[Mlir-commits] [mlir] [MLIR][XeGPU] Scattered ops sg-to-wi distribution (PR #154949)

Charitha Saumya llvmlistbot at llvm.org
Mon Aug 25 09:00:55 PDT 2025


charithaintc wrote:

> > Instead I think offsets and masks must be distributed.
> 
> This is the main difference between scattered ops and nd ops.
> 
> 1. We do not have an intrinsic beneath these ops, that would provide clear rules (i.e., describe the structure) of a load/store.
> 2. We do not have a single offset that defines a base pointer for a 2D shape whose structure we could describe using a layout attribute.
> 
> **The offsets are the layout**, and they are not necessarily linear (w.r.t. lane id) or compile time defined.
> 
> The documentation does not prevent me from supplying a completely unstructured vector of offsets (e.g., `[0, 5, 2, 11, 1]`), it only says that the op needs SG-size vector of offsets:
> 
> > * `offsets`: represents offsets from source. required if `source` in not a TensorDescType.
> >   offsets is a vector of `index` type and vector length is either the subgroup size
> >   or 1 in SIMT mode. scalar offset is also valid for SIMT mode.
> 
> Therefore, we cannot "distribute" such vector based on `lane_layout = [1, N]`. How would that look for the above unstructured vector?
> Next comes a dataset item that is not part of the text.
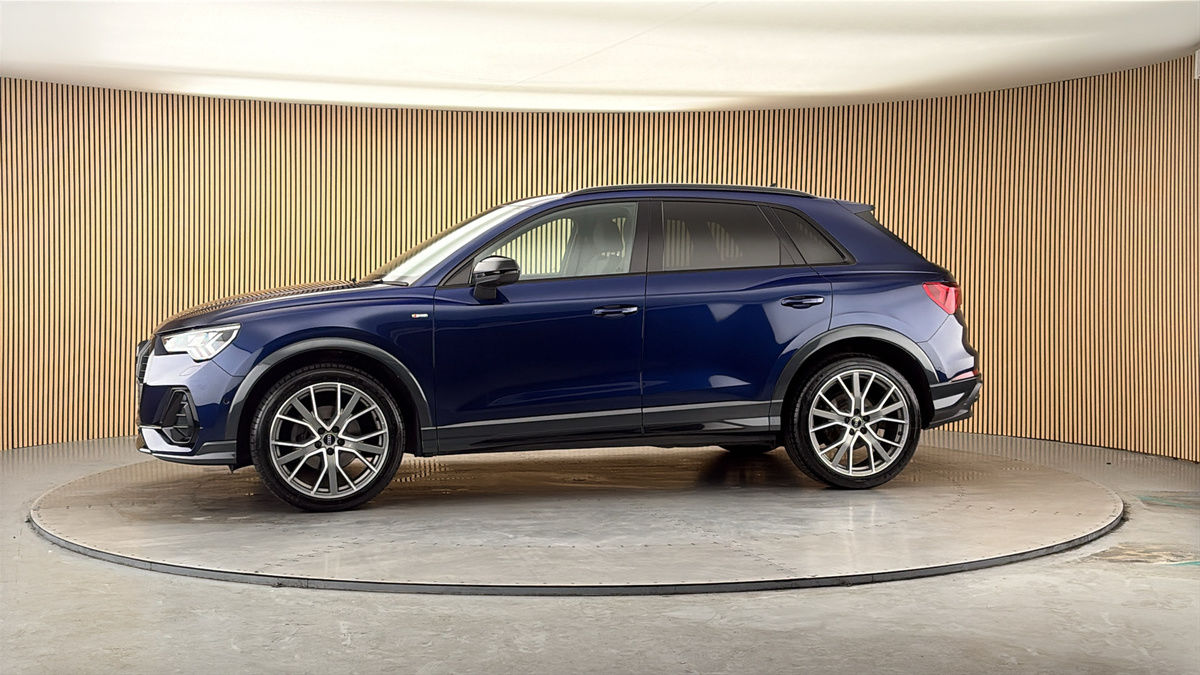 More views of Audi Q3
And if we could distribute, why do we need _a vector_ of offsets at SG level?
> 
> The same applies to the mask, one can supply any random vector of `i1`. How do we convey that lane 0 is 0, but lane 3 is 1 in pure SIMT?
> 
> The offsets/mask vectors are not SG-uniform, they are allowed to be unstructured, and they can be completely runtime defined. What is distribution supposed to do with them at compile time, in your opinion?

When I say "offsets are distributed" it does not mean we have to describe them as some affine function of laneID. I meant is the vector<16xindex> will become vector<1xindex>.

And then each lane can extract the scalar value from this <1xindex> vector. Let me give an example.

Before.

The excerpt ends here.